* Activity: What follows is a set of records; repeat them exactly, without the pictures.

* Input for this task:
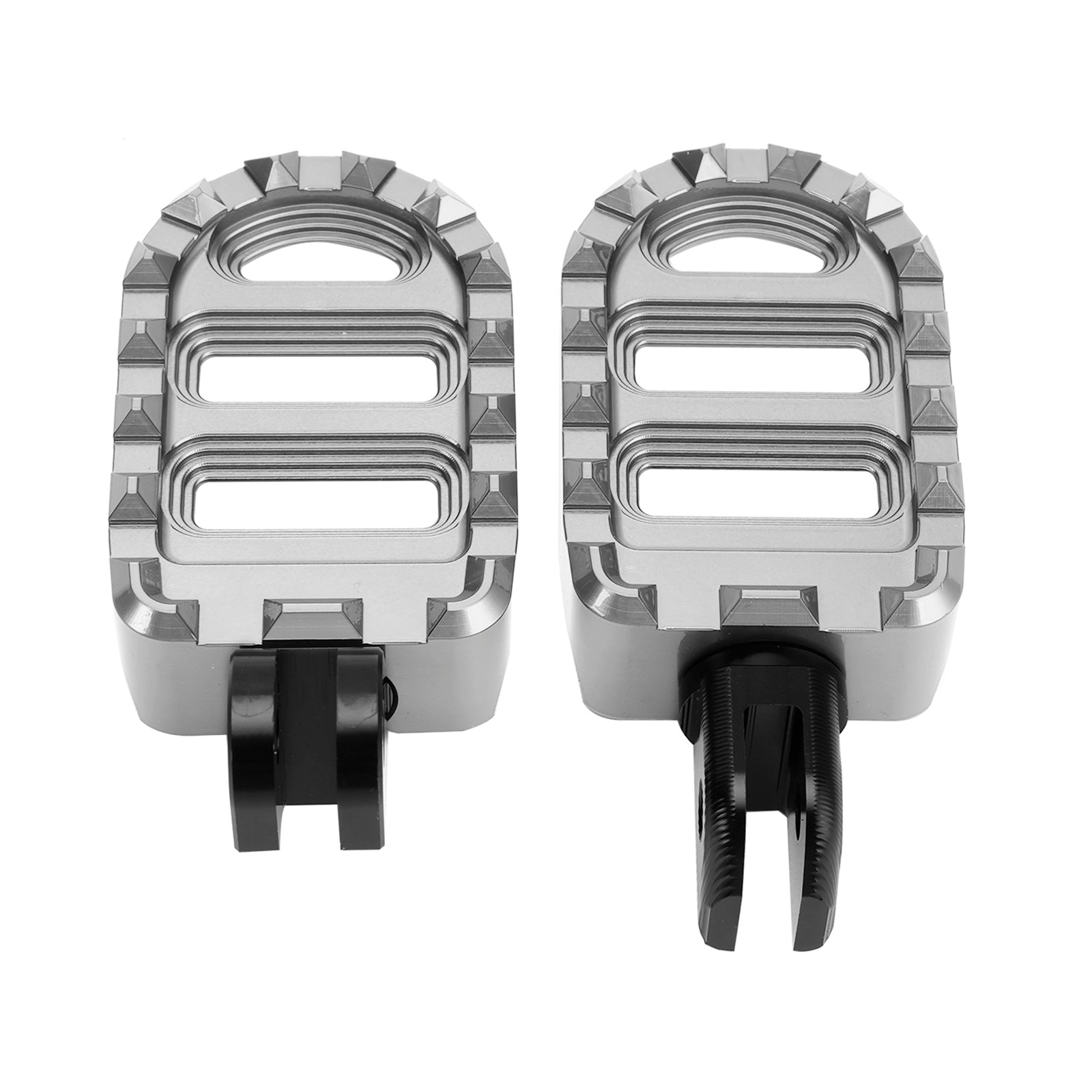 2017-2023 Bonneville Bobber 2020-2023 Rocket 3r Pedra dos pés do pé da frente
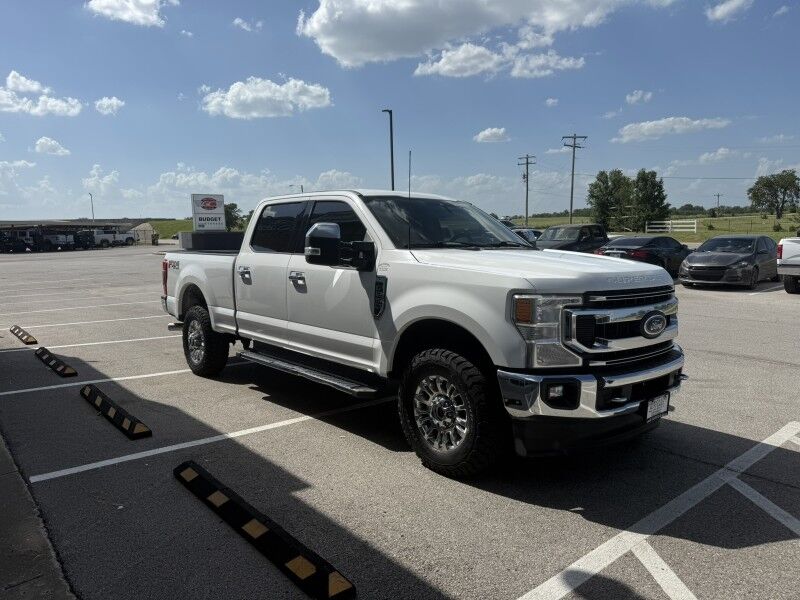 2022 Ford Super Crew F-250 FX4 4x4 XLT Collinsville OK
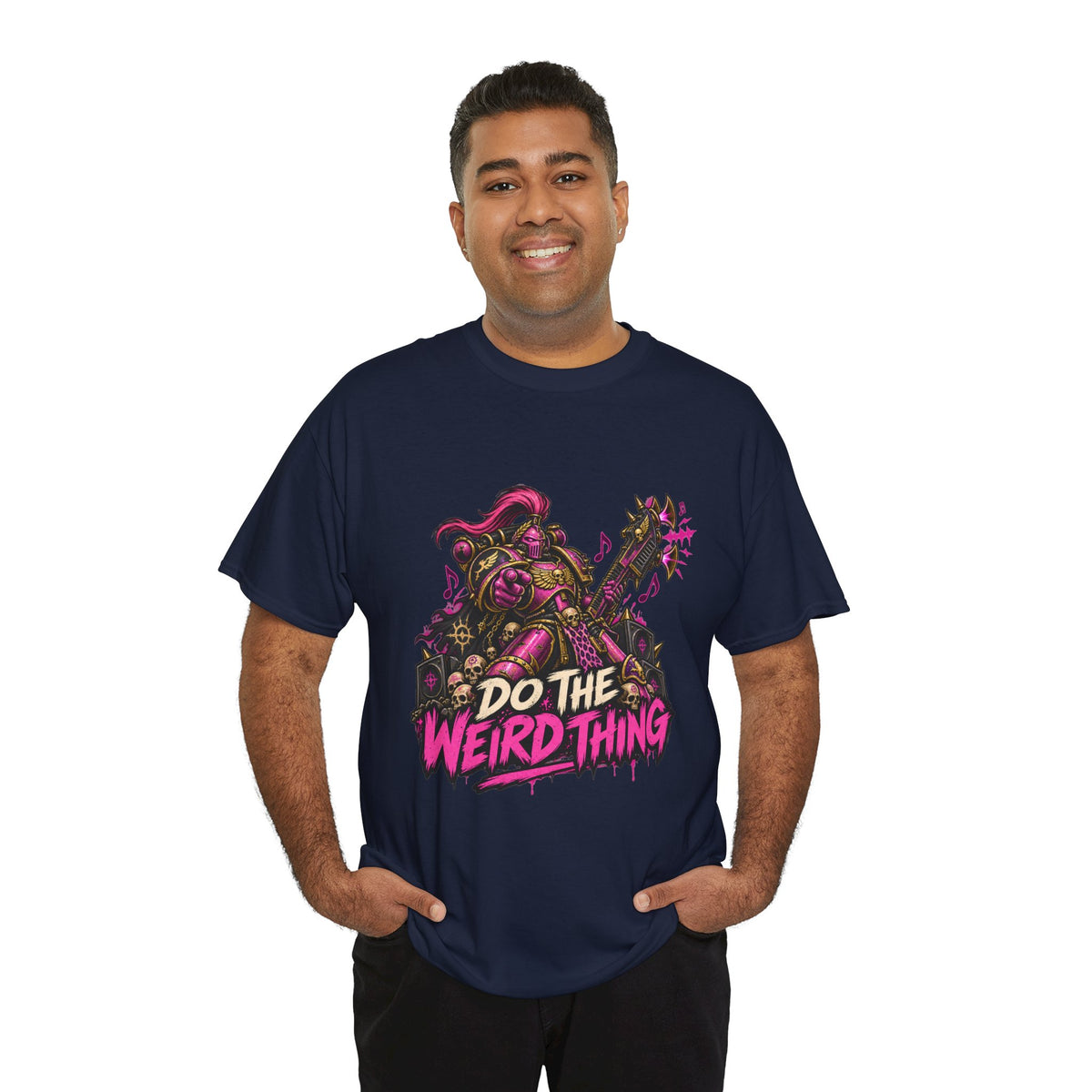 Do the Weird Thing Shirt – Emperor’s Children Humor Tee
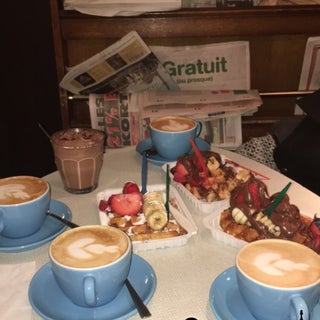 breakfast photo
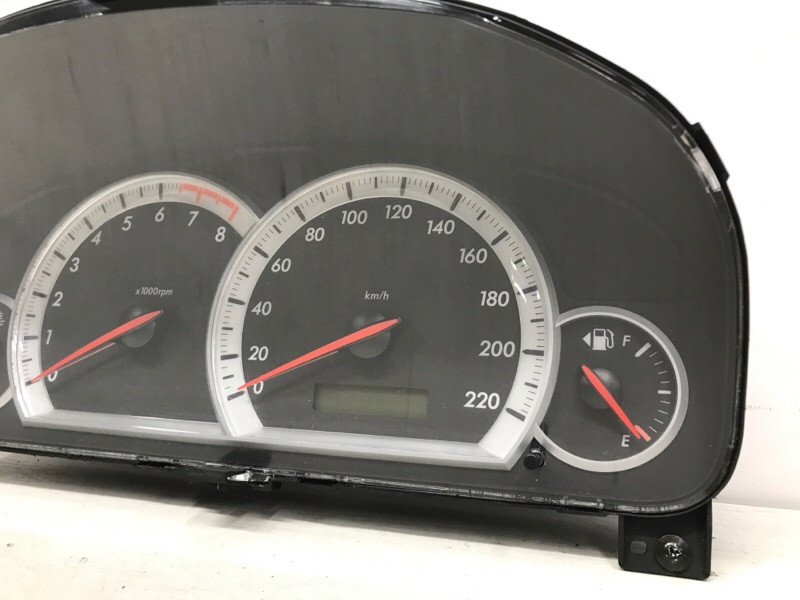 Приборная панель Chevrolet Captiva C100 2.4 БЕНЗИН Z24SED 2006 (б/у) Киев - изображение 3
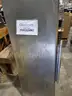 71&#x22;long stainless steel table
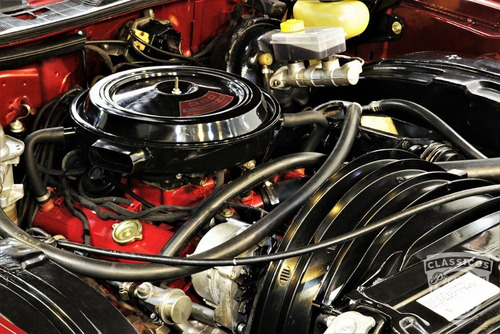 Chevrolet/gm Monte Carlo Modelo Landau 1974 74 V8 Com Ar
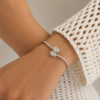 Pearl Duo Bracelet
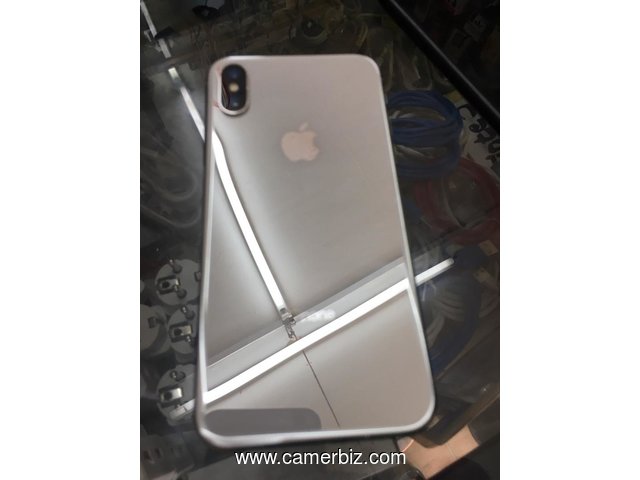 Iphone X 64gigas disponible  - 7488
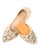 Twenty Eight Shoes gold Comfort Rhinestone Flare Ballerinas VL6281 1C1CESH70F39B7GS_3
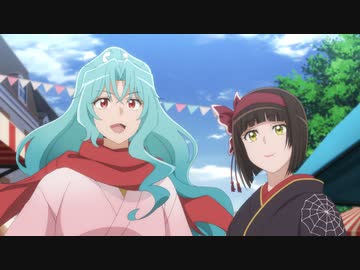 月が導く異世界道中　第二幕　第十三夜　学園祭は大忙し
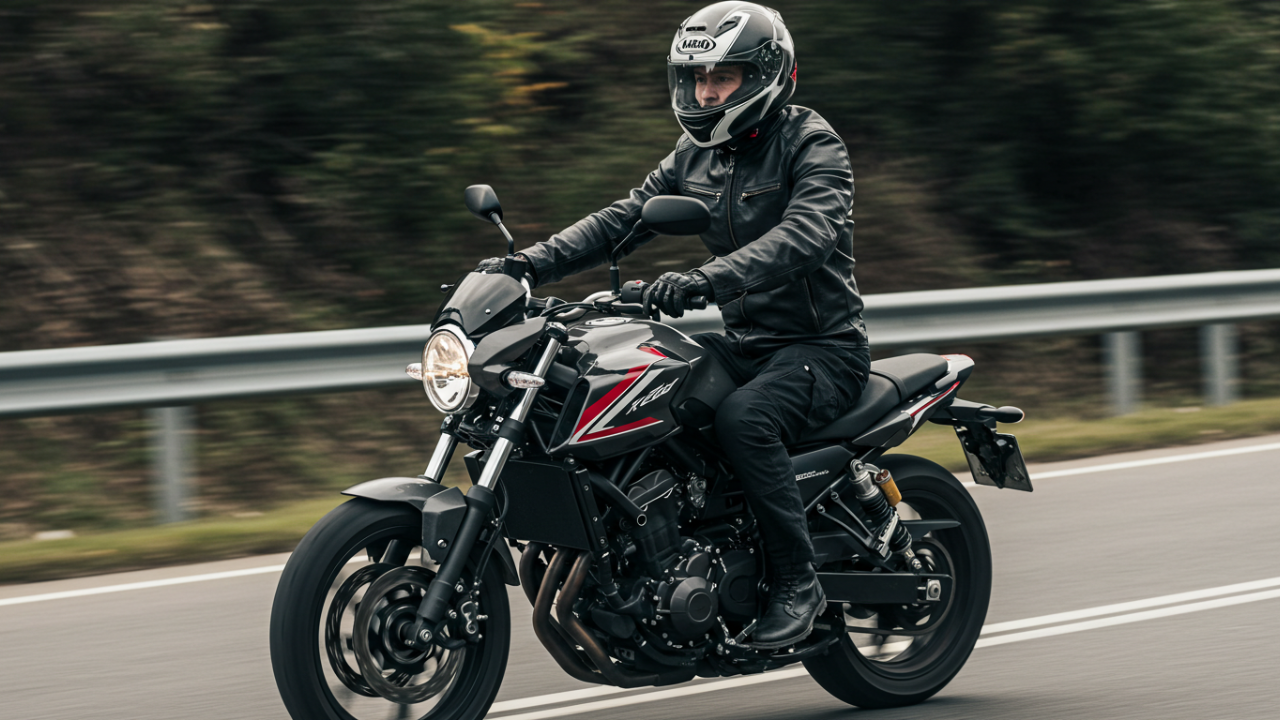 How much does a motorcycle license cost in 2025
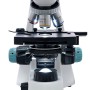 Microscopio trinocular digital Levenhuk D400T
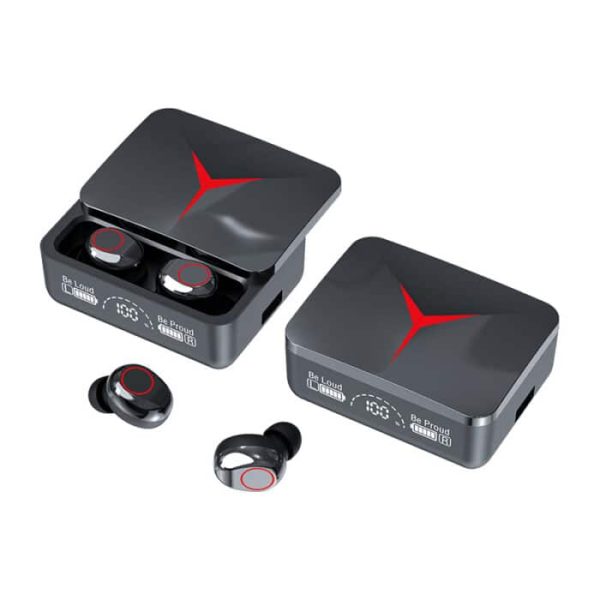 LED Light Wireless Earphone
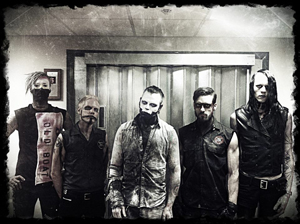 Photo Of Combichrist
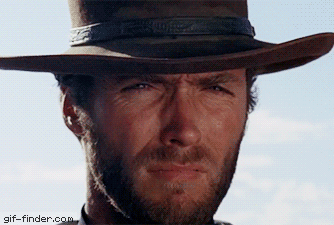 Clint eastwood GIF on GIFER - by Raincaster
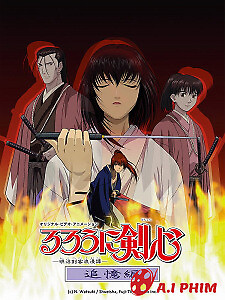 Rurouni Kenshin: Meiji Kenkaku Romantan - Tsuioku-Hen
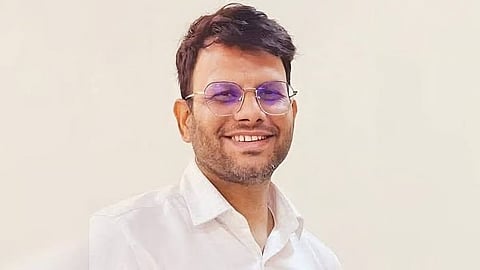 आरोपी नितीन शुक्ला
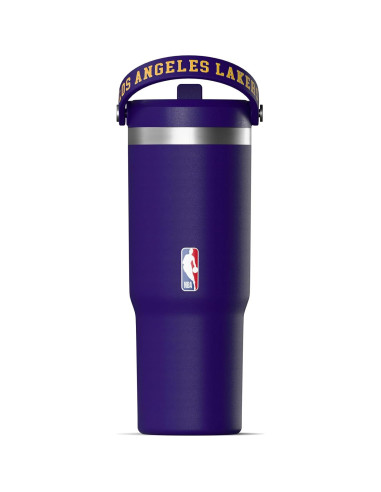Taza Hydrapeak Nomad 32 oz Los Angeles Lakers con Asa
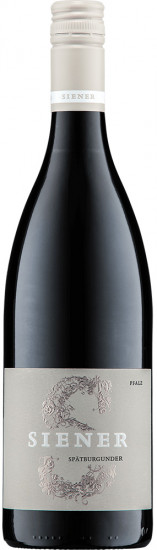 2021 Spätburgunder Tradition trocken - Weingut Siener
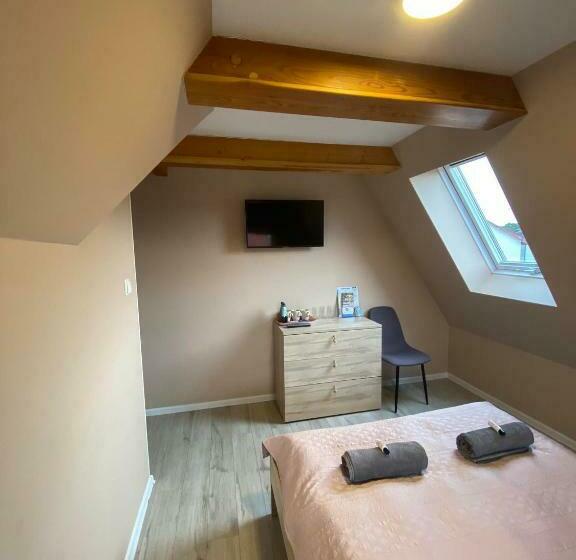 膳宿费 Baltic Vibes Pokoje Gościnne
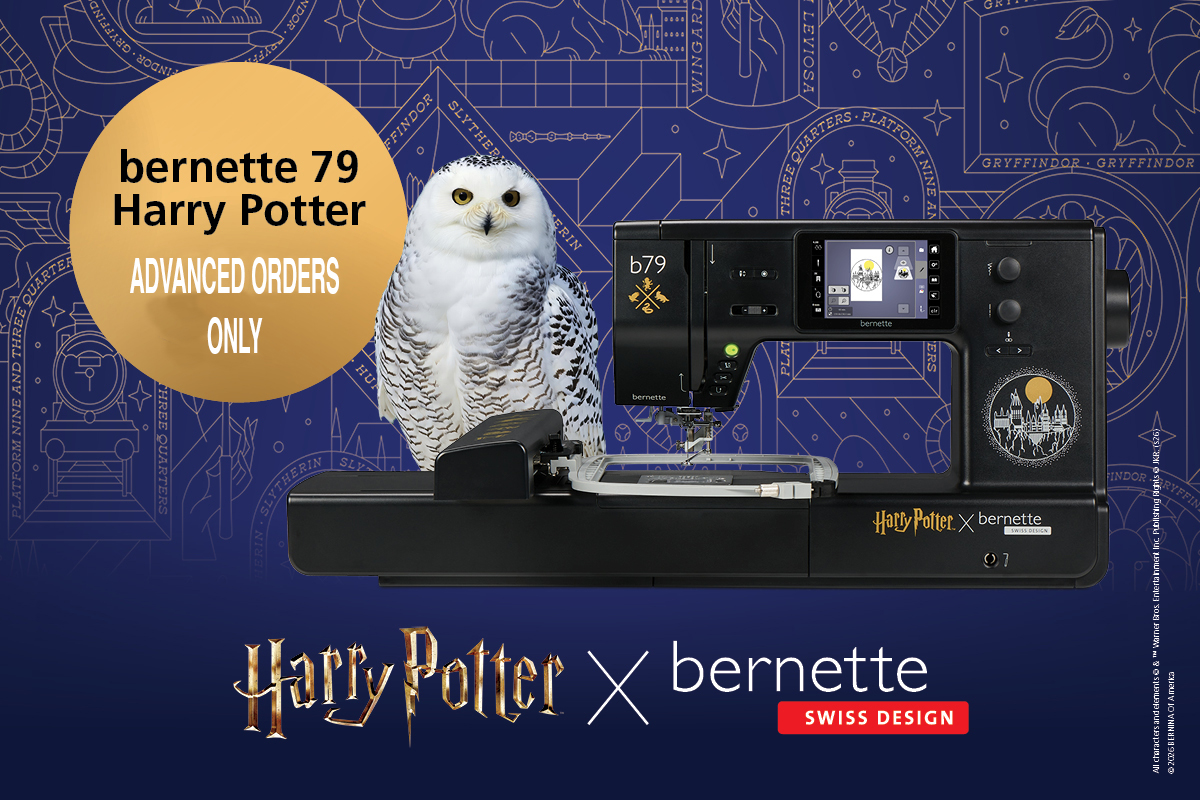 b79 harry potter edition Advanced orders only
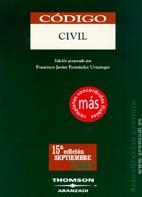 CODIGO CIVIL 2005 | 9788497674928 | FERNÁNDEZ URZAINQUI, FRANCISCO JAVIER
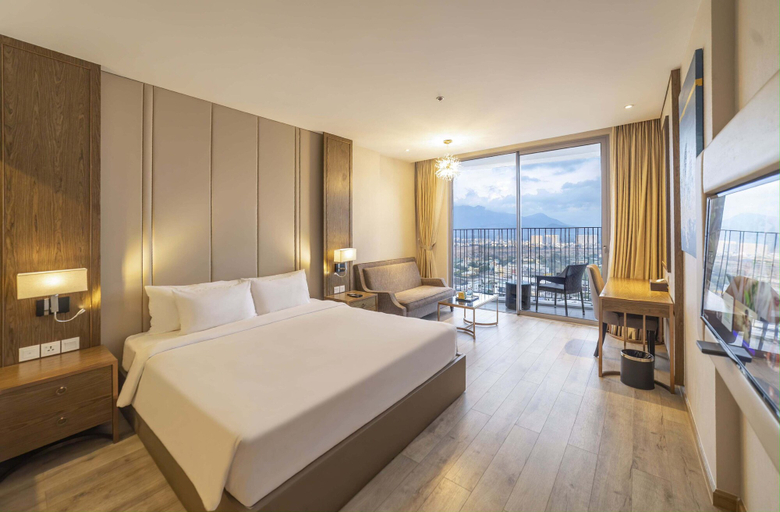 Bedroom 3, LYN Premier Studio Panorama Nha Trang, Nha Trang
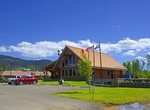 Explore Tumbler Ridge Visitor Centre, Tumbler Ridge, British Columbia, Canada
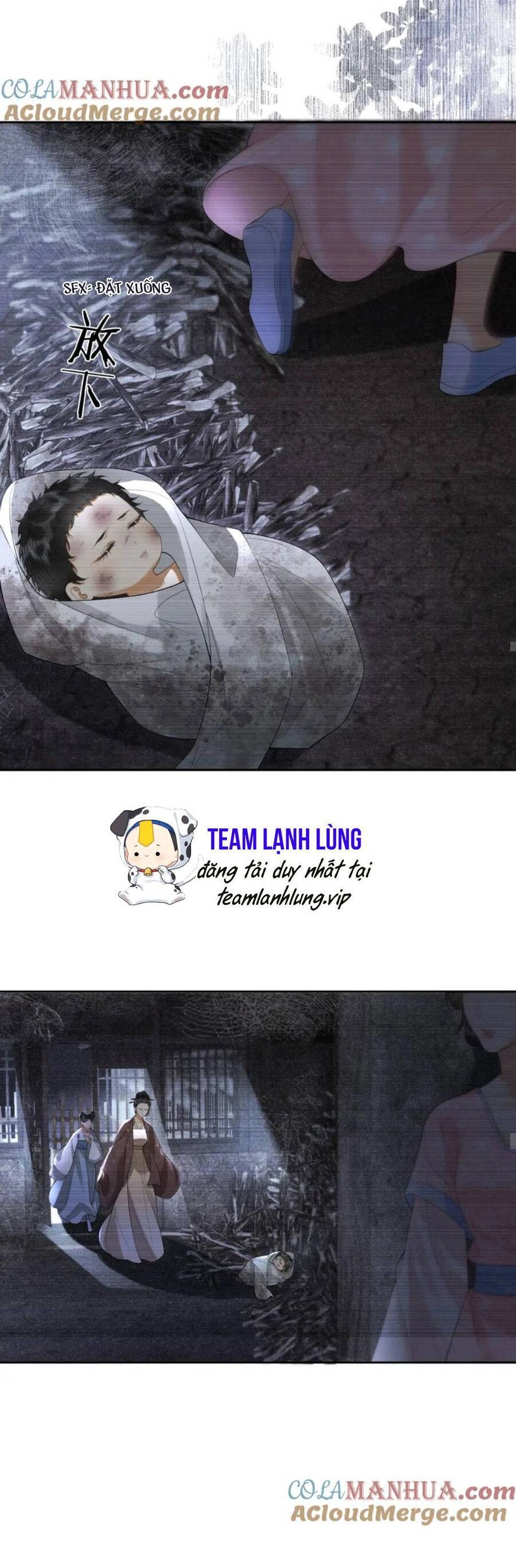 Hắc Nguyệt Quang Nắm Trong Tay Kịch Bản Be - Trường Nguyệt Tẫn Minh Chapter 23 - 11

* Reply to the task:
 2017-2023 Bonneville Bobber 2020-2023 Rocket 3r Pedra dos pés do pé da frente
 2022 Ford Super Crew F-250 FX4 4x4 XLT Collinsville OK
 Do the Weird Thing Shirt – Emperor’s Children Humor Tee
 breakfast photo
 Приборная панель Chevrolet Captiva C100 2.4 БЕНЗИН Z24SED 2006 (б/у) Киев - изображение 3
 71&#x22;long stainless steel table
 Chevrolet/gm Monte Carlo Modelo Landau 1974 74 V8 Com Ar
 Pearl Duo Bracelet
 Iphone X 64gigas disponible  - 7488
 Twenty Eight Shoes gold Comfort Rhinestone Flare Ballerinas VL6281 1C1CESH70F39B7GS_3
 月が導く異世界道中　第二幕　第十三夜　学園祭は大忙し
 How much does a motorcycle license cost in 2025
 Microscopio trinocular digital Levenhuk D400T
 LED Light Wireless Earphone
 Photo Of Combichrist
 Clint eastwood GIF on GIFER - by Raincaster
 Rurouni Kenshin: Meiji Kenkaku Romantan - Tsuioku-Hen
 आरोपी नितीन शुक्ला
Taza Hydrapeak Nomad 32 oz Los Angeles Lakers con Asa
 2021 Spätburgunder Tradition trocken - Weingut Siener
 膳宿费 Baltic Vibes Pokoje Gościnne
 b79 harry potter edition Advanced orders only
 CODIGO CIVIL 2005 | 9788497674928 | FERNÁNDEZ URZAINQUI, FRANCISCO JAVIER
 Bedroom 3, LYN Premier Studio Panorama Nha Trang, Nha Trang
 Explore Tumbler Ridge Visitor Centre, Tumbler Ridge, British Columbia, Canada
 Hắc Nguyệt Quang Nắm Trong Tay Kịch Bản Be - Trường Nguyệt Tẫn Minh Chapter 23 - 11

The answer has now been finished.